Spontacts also has a series with magenta, which works great. Once I also bought green copying pencils, but they were too ‘stiff.’ Blue and magenta are really the only colors that work. Kinkrustation is mostly ‘Prussian blue,’ which is also a difficult color since just a tiny spot can make it seem like it’s everywhere. If you add layer upon layer though, it looks good.
After all this mess I really wanted a neat studio. Due to the fact that during the Kadlites series surfaces were reduced, a yellow glaze worked best. It leaves enough pencil traces, yet it's still able to visually consume the white surface.
Collecteurs: By documenting such ‘unreadable notes,’ there’s also a suggestion for thoughts to be deciphered. A divergence between the external versus the internal. Is it about a personal desire — a preposition — for humans to focus more on the internal instead of the external?
JS: For me, handwriting is purely about the aesthetic value.
Collecteurs: Alluding to words that are there, yet not entirely, I think your work also becomes subject to frustration, even if it goes nowhere.
I hope the viewer doesn’t get frustrated when they can’t decipher a word. It’s definitely not about “Haha, you can’t read it!”
Collecteurs: Why then choose to scribble and not write clearly? What do you want to provoke by scribbling?
JS: Either you choose a legible phrase — which will always convey a message — or you strip a word’s meaning. Both things work equally well, but I’m generally just interested in the aesthetics of handwriting. I want the viewer to feel ecstatic, in some way. The handwriting was also much more present in the first works and gradually evolved into scribbling.
Collecteurs: What originally prompted the inclusion of handwriting?
JS: It was the most direct way to start a picture and many letters are just very beautiful. For instance, ‘f,’ which directly from its under-curl flows into another ‘f.’ Repeating that 12 times creates a very elegant curl. The same goes for ‘h.’ Starting with ‘Z,’ ‘x,’ or ‘X’ is for professionals.
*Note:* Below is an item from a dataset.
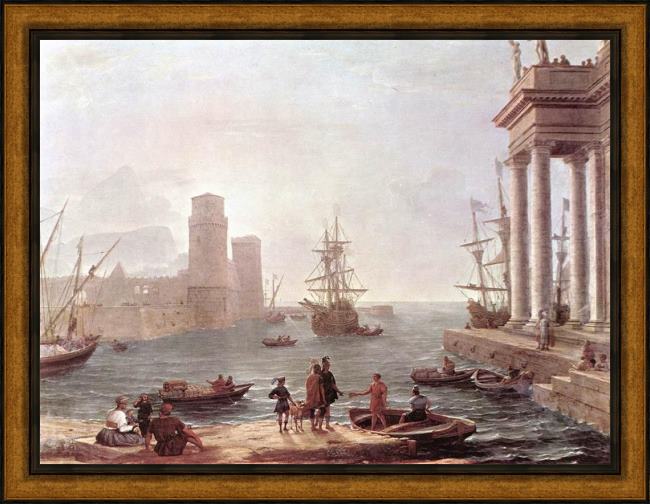 Framed Claude Lorrain departure of ulysses from the land of the feaci painting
A mirrored ‘F’ is also nice, but both strokes departing from the longitudinal line must be a little crooked. ‘C’ is a classic. It’s impossible to mess it up, regardless of how it’s positioned. An exaggerated ‘e’ also works. ‘B’ should just be left alone!
Collecteurs: What’s wrong with a capitalized ‘B?’
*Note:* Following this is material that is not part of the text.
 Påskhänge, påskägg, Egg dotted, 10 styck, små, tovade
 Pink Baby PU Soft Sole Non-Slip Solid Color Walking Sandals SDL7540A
JS: It always looks funny. For example, it would just get in the way and put the viewer down after having laughed about it.
Collecteurs: Is handwriting ever about returning to the past?
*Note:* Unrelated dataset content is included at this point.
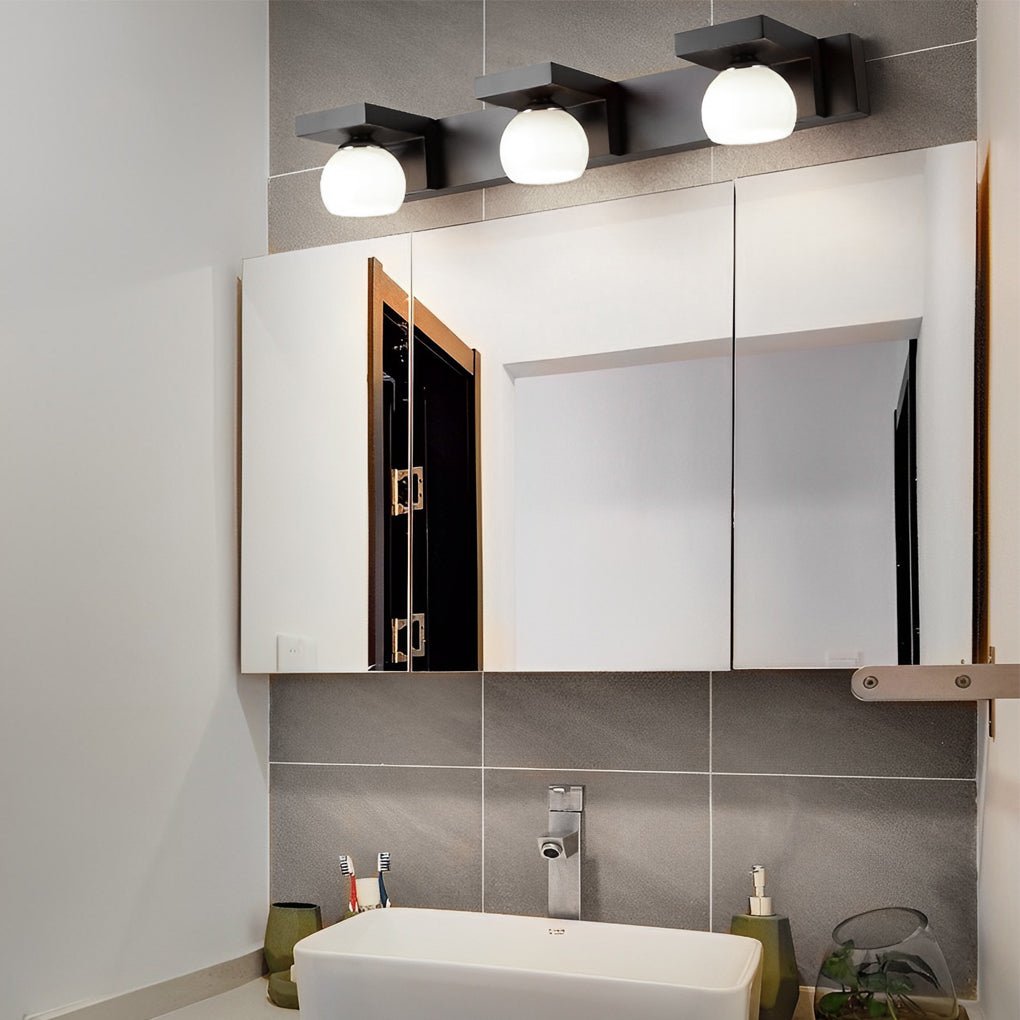 WINDSOR WOODEN BATHROOM ILLUMINATOR WITH FLEXIBLE IRON SPOTLIGHT AND FIXED GLASS GLOBE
Handwriting can’t be entirely unemotional. When seeing someone’s handwriting, immediate connections to that very person arise. But since I only use my own handwriting, it’s the other person who has to deal with it.
Collecteurs: Do you ever see yourself moving away from works like Spontacts, explore drawing beyond the scribble, maybe even explore a medium that’s totally different?
JS: My new series Kadlites moves towards the idea of surface, leisurely getting rid of handwriting. I can’t promise though an ‘h’ isn’t going to appear somewhere!
A new medium though? I think I’m too much of a classic painter. My attempts at sculpture were always way too influenced by the 80's. I think I could have been a great actress.